Task goal:
Leaving out the pictures, return word for word the stretch of entries below from the line holding "Camelford House, Mayfair, 1913" through the line holding "michael kors iridescent sneakers".

Provided material:
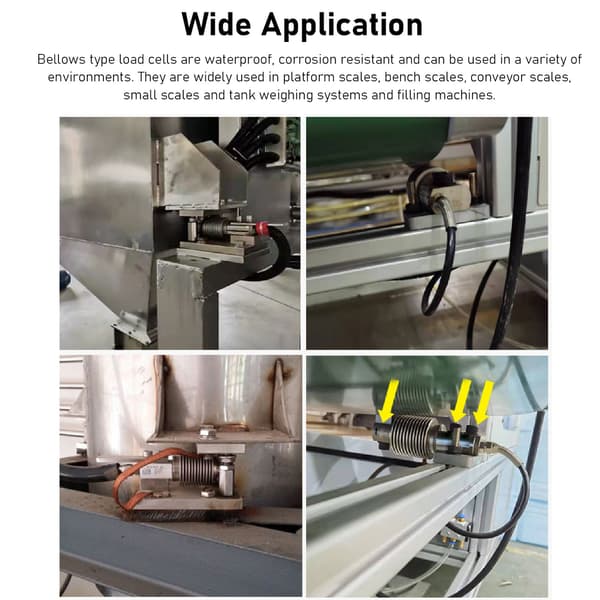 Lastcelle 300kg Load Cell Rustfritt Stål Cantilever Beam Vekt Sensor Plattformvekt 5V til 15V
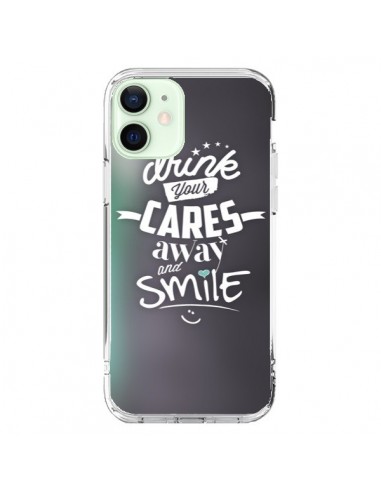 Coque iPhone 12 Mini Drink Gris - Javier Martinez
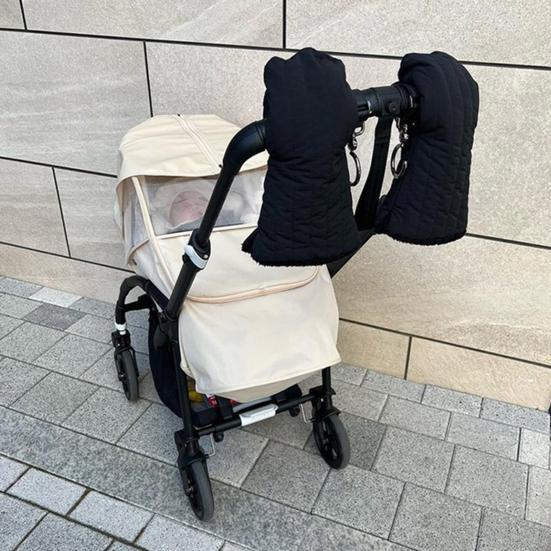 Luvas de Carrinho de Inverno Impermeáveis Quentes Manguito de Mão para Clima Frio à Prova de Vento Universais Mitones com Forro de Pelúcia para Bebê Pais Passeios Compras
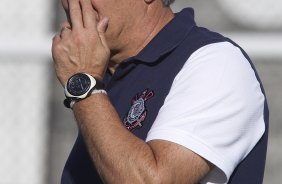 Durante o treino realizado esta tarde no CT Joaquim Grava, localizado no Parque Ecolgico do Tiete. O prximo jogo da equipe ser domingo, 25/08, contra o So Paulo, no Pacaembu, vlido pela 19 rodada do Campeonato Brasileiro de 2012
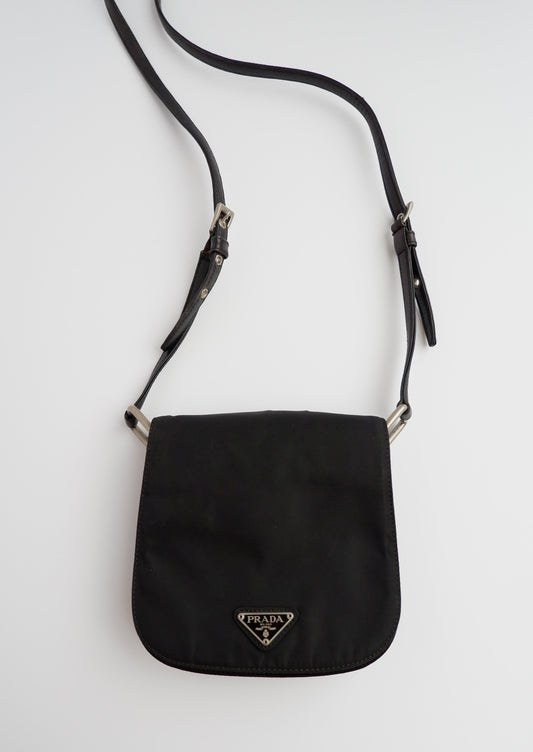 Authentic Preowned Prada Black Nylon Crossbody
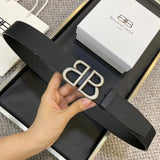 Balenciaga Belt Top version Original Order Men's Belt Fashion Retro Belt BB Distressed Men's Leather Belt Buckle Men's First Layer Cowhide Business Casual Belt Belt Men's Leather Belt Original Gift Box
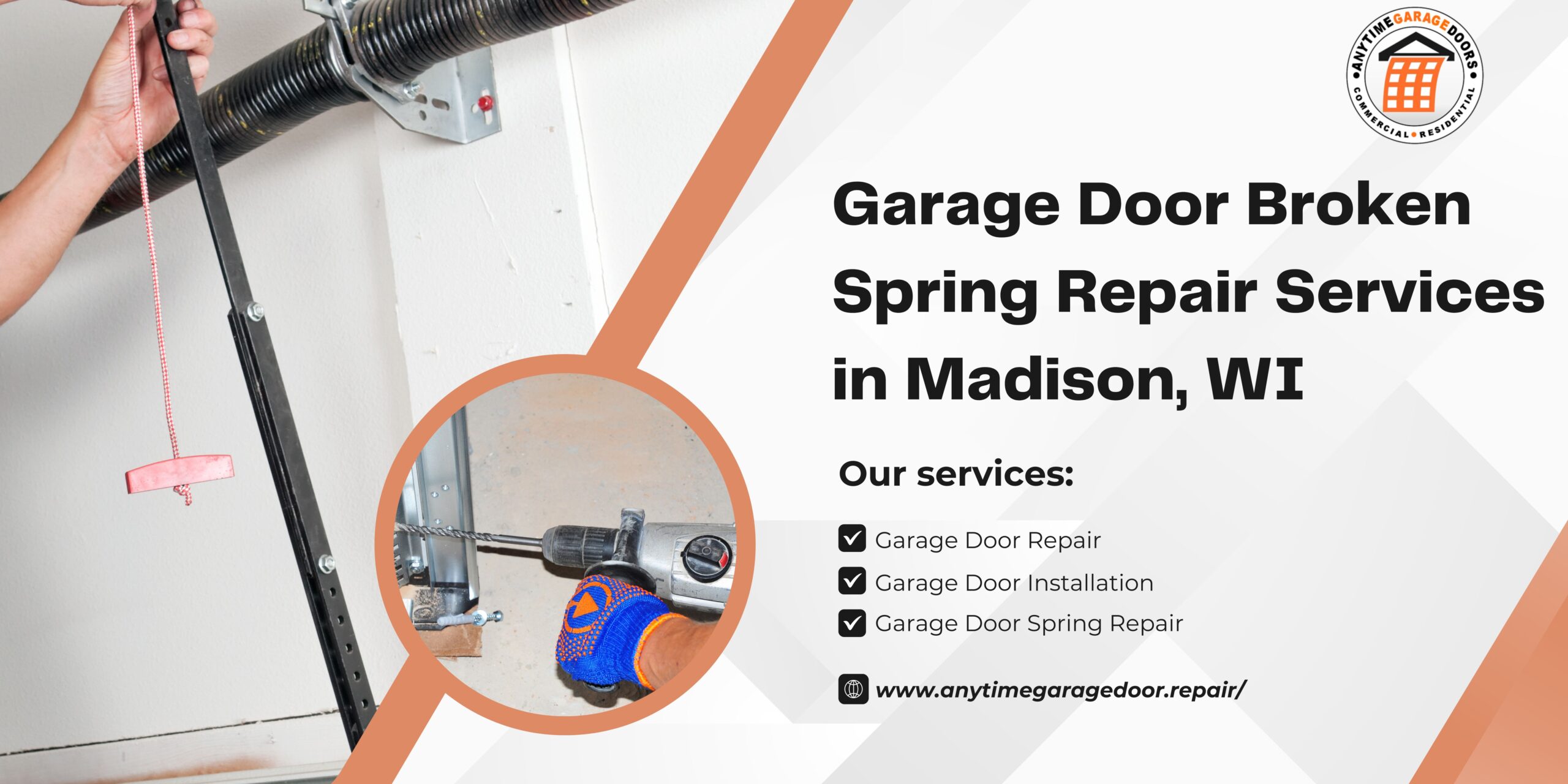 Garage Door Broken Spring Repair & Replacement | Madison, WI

==

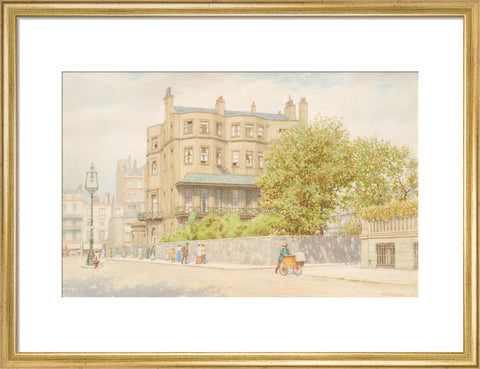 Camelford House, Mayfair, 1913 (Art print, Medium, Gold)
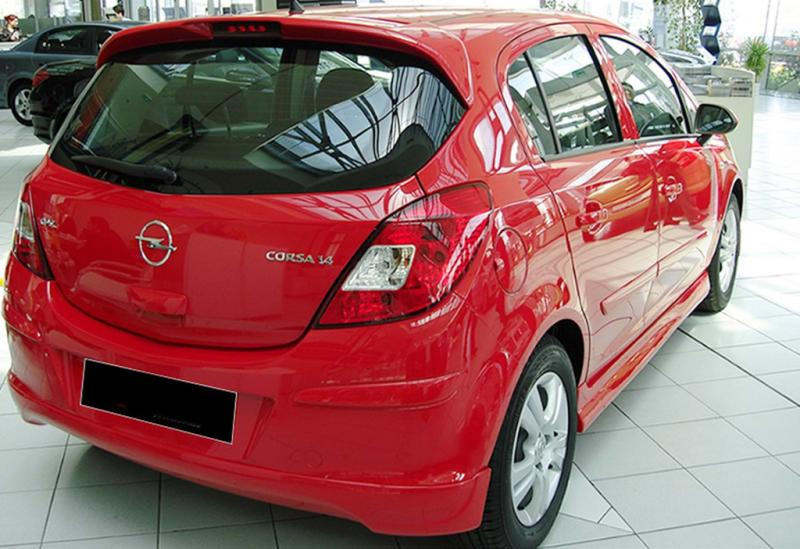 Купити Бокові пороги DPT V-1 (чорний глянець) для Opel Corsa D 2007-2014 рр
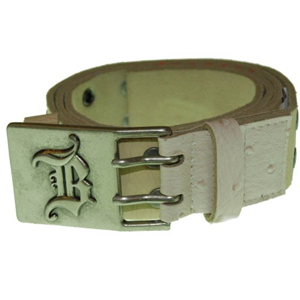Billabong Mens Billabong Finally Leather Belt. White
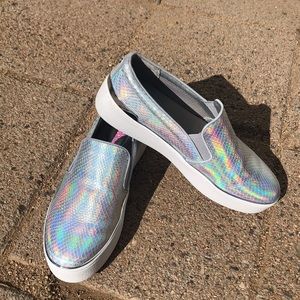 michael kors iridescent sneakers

---

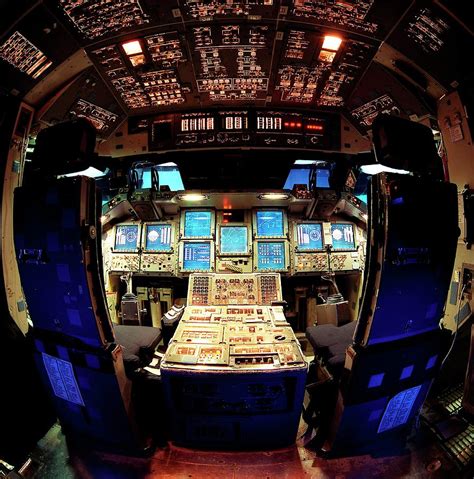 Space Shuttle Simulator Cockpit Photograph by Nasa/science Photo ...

Solution for this exercise:
 Camelford House, Mayfair, 1913 (Art print, Medium, Gold)
 Купити Бокові пороги DPT V-1 (чорний глянець) для Opel Corsa D 2007-2014 рр
Billabong Mens Billabong Finally Leather Belt. White
 michael kors iridescent sneakers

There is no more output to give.